Re: [PATCH] gpu: drm: remove redundant dma_fence_put() when drm_sched_job_add_dependency() fails

28 Apr 2022

      On 2022-04-28 04:56, Hangyu Hua wrote:
...
On 2022/4/27 22:43, Andrey Grodzovsky wrote:
...
On 2022-04-26 22:31, Hangyu Hua wrote:
...
On 2022/4/26 22:55, Andrey Grodzovsky wrote:
...
On 2022-04-25 22:54, Hangyu Hua wrote:
...
On 2022/4/25 23:42, Andrey Grodzovsky wrote:
...
On 2022-04-25 04:36, Hangyu Hua wrote:
> When drm_sched_job_add_dependency() fails, dma_fence_put() will 
> be called
> internally.

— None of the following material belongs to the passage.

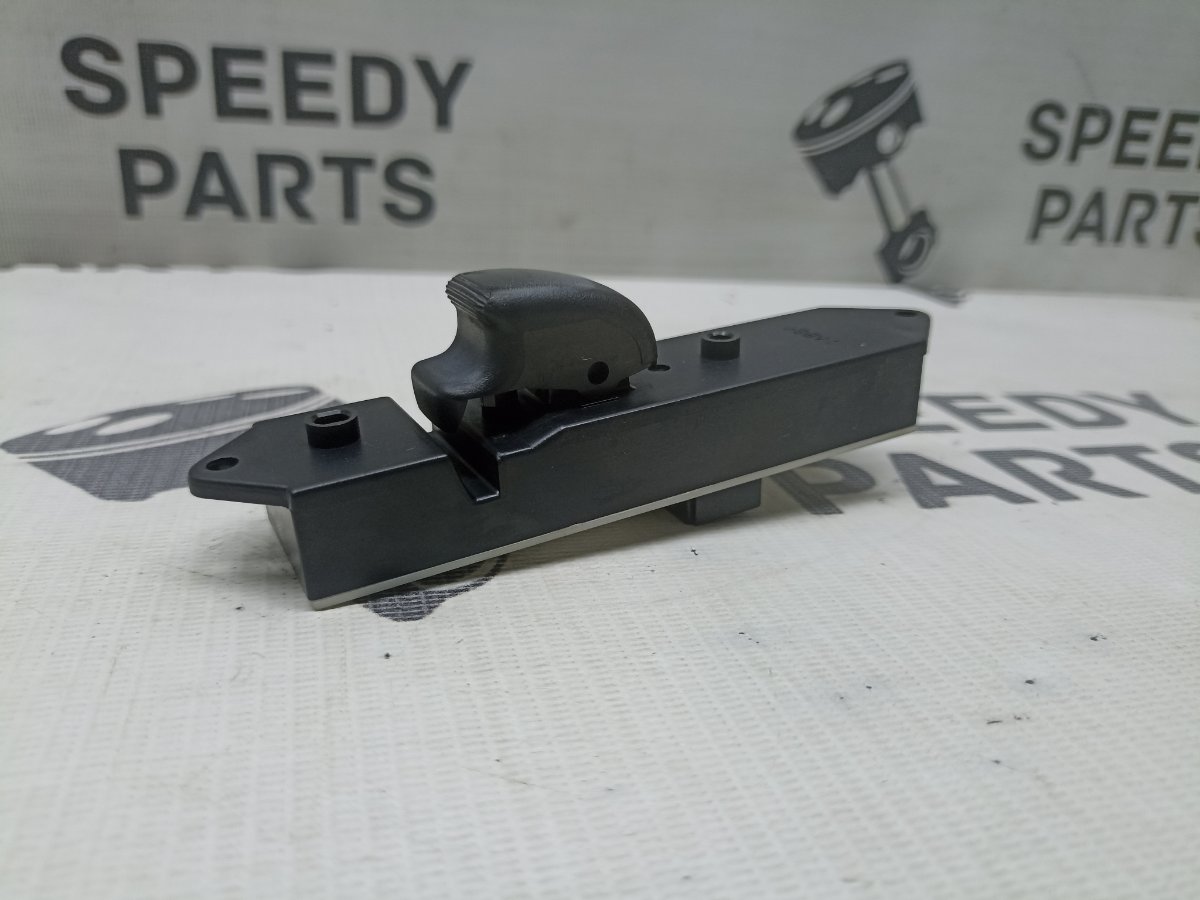 Кнопка стеклоподъемника передняя левая Mitsubishi Lancer Cedia GH-CS5W 4G93 Кнопка стеклоподъемника передняя левая Mitsubishi Lancer Cedia GH-CS5W 4G93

Calling it again after 
> drm_sched_job_add_dependency() finishes
> may result in a dangling pointer.
>
> Fix this by removing redundant dma_fence_put().
>
> Signed-off-by: Hangyu Hua hbh25y@gmail.com
> ---
>   drivers/gpu/drm/lima/lima_gem.c        | 1 -
>   drivers/gpu/drm/scheduler/sched_main.c | 1 -
>   2 files changed, 2 deletions(-)
>
> diff --git a/drivers/gpu/drm/lima/lima_gem.c 
> b/drivers/gpu/drm/lima/lima_gem.c
> index 55bb1ec3c4f7..99c8e7f6bb1c 100644
> --- a/drivers/gpu/drm/lima/lima_gem.c
> +++ b/drivers/gpu/drm/lima/lima_gem.c
> @@ -291,7 +291,6 @@ static int lima_gem_add_deps(struct drm_file 
> *file, struct lima_submit *submit)
>           err = 
> drm_sched_job_add_dependency(&submit->task->base, fence);
>           if (err) {
> -            dma_fence_put(fence);
>               return err;
Makes sense here
>           }
>       }
> diff --git a/drivers/gpu/drm/scheduler/sched_main.c 
> b/drivers/gpu/drm/scheduler/sched_main.c
> index b81fceb0b8a2..ebab9eca37a8 100644
> --- a/drivers/gpu/drm/scheduler/sched_main.c
> +++ b/drivers/gpu/drm/scheduler/sched_main.c
> @@ -708,7 +708,6 @@ int 
> drm_sched_job_add_implicit_dependencies(struct drm_sched_job *job,
>           dma_fence_get(fence);
>           ret = drm_sched_job_add_dependency(job, fence);
>           if (ret) {
> -            dma_fence_put(fence);
Not sure about this one since if you look at the relevant commits -
'drm/scheduler: fix drm_sched_job_add_implicit_dependencies' and
'drm/scheduler: fix drm_sched_job_add_implicit_dependencies harder'
You will see that the dma_fence_put here balances the extra 
dma_fence_get
above
Andrey
I don't think so. I checked the call chain and found no additional 
dma_fence_get(). But dma_fence_get() needs to be called before 
drm_sched_job_add_dependency() to keep the counter balanced.
I don't say there is an additional get, I just say that 
drm_sched_job_add_dependency doesn't grab an extra reference to the 
fences it stores so this needs to be done outside and for that
drm_sched_job_add_implicit_dependencies->dma_fence_get is called 
and, if this addition fails you just call dma_fence_put to keep the 
counter balanced.
drm_sched_job_add_implicit_dependencies() will call 
drm_sched_job_add_dependency(). And drm_sched_job_add_dependency() 
already call dma_fence_put() when it fails. Calling dma_fence_put() 
twice doesn't make sense.
dma_fence_get() is in [2]. But dma_fence_put() will be called in [1] 
and [3] when xa_alloc() fails.
The way I see it, [2] and [3] are mat matching *get* and *put* 
respectively. [1] *put* is against the original 
dma_fence_init->kref_init of the fence which always set the refcount 
at 1.
Also in support of this see commit 'drm/scheduler: fix 
drm_sched_job_add_implicit_dependencies harder' - it says there 
"drm_sched_job_add_dependency() could drop the last ref"  - this last 
ref is the original refcount set by dma_fence_init->kref
Andrey
You can see that drm_sched_job_add_dependency() has three return paths 
they are [4], [5] and [1]. [4] and [5] will return 0. [1] will return 
error.
There will be three weird problems if you're right:

[5] path will triger a refcount leak beacause ret is 0 in *if*[6].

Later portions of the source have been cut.